• [What needs to be done]:
Return all lines from the listing below in which the string "Daily" occurs.

• [Data for this task]:

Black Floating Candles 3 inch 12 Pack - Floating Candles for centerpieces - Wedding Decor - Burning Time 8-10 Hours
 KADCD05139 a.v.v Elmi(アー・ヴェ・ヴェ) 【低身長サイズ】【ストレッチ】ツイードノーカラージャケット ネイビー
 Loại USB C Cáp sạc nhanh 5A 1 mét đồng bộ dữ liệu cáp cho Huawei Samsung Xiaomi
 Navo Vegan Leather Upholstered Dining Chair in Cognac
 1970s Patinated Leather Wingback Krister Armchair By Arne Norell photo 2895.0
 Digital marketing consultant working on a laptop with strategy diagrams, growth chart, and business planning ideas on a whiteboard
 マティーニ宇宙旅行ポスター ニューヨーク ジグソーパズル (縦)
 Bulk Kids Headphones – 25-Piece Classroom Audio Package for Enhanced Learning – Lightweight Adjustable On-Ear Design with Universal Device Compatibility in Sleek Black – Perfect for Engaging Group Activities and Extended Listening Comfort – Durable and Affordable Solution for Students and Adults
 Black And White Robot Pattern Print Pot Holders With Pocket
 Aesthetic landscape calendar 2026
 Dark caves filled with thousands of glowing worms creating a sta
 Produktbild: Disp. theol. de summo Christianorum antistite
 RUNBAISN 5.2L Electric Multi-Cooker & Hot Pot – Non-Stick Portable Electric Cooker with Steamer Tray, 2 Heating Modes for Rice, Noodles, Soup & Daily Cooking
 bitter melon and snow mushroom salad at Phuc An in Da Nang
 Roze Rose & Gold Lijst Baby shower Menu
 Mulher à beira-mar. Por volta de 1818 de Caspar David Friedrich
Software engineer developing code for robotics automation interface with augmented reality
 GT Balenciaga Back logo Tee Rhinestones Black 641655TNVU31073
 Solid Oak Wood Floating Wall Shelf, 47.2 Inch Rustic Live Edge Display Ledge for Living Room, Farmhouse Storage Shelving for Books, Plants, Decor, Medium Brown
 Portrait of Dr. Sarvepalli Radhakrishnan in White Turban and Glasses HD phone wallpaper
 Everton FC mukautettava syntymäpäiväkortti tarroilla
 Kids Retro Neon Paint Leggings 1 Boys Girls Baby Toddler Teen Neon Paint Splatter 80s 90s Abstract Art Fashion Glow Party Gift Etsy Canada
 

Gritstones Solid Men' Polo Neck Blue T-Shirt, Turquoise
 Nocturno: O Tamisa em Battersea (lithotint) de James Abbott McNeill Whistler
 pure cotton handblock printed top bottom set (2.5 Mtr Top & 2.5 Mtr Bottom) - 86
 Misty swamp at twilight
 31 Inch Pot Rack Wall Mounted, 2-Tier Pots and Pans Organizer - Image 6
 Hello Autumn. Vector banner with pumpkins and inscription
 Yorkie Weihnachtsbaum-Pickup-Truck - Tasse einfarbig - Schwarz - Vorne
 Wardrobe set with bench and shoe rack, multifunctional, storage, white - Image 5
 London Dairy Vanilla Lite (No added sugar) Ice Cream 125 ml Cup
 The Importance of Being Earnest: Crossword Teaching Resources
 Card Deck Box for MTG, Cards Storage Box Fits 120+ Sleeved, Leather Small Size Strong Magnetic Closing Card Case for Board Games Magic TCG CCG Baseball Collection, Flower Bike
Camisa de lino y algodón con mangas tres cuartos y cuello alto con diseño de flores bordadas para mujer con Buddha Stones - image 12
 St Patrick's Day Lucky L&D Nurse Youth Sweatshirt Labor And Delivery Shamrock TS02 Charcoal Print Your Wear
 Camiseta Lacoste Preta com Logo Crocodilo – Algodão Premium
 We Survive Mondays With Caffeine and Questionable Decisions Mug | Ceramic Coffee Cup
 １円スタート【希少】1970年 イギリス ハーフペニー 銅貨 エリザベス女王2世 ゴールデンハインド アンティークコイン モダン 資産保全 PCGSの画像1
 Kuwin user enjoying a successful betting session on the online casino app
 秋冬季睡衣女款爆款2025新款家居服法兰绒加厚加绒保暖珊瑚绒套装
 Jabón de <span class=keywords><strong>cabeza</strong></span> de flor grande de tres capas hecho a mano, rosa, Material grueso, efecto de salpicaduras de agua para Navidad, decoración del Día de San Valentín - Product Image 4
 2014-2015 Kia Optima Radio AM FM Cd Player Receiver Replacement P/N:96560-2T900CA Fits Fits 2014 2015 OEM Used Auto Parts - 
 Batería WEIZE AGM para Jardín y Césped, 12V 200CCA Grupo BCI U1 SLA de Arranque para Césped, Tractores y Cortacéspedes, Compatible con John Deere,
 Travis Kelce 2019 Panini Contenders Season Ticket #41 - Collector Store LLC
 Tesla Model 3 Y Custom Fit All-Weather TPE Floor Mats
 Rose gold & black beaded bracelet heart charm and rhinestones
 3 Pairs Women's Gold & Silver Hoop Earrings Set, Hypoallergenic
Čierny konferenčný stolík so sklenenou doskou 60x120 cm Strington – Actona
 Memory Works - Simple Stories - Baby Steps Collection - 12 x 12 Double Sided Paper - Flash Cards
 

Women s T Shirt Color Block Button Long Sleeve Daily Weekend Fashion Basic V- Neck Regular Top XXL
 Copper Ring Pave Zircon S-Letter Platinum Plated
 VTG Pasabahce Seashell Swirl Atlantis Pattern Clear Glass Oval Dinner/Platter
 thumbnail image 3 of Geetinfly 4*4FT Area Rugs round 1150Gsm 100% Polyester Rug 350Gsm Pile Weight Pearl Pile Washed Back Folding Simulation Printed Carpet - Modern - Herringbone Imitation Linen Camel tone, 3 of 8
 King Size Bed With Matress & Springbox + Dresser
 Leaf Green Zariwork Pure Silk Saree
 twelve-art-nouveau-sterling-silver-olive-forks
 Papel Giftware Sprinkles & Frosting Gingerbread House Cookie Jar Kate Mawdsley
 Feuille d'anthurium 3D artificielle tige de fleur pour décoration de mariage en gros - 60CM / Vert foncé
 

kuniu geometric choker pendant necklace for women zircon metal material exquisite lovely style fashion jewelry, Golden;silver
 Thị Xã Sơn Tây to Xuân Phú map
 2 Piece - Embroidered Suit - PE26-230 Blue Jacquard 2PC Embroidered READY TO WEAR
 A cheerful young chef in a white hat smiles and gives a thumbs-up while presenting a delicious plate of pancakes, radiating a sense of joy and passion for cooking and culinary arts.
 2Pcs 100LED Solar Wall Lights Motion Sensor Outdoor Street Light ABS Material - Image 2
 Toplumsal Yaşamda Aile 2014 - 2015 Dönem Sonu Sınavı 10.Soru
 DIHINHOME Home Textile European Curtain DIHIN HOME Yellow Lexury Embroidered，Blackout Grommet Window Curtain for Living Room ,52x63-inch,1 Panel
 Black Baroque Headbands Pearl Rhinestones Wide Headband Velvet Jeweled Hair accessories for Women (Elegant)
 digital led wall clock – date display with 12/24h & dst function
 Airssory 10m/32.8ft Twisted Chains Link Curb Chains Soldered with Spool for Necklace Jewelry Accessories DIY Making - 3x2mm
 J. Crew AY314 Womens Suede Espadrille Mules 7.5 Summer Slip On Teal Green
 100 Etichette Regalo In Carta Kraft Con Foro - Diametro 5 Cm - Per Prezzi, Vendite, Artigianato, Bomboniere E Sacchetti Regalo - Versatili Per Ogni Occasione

• [Solution for this task]:
 RUNBAISN 5.2L Electric Multi-Cooker & Hot Pot – Non-Stick Portable Electric Cooker with Steamer Tray, 2 Heating Modes for Rice, Noodles, Soup & Daily Cooking
Women s T Shirt Color Block Button Long Sleeve Daily Weekend Fashion Basic V- Neck Regular Top XXL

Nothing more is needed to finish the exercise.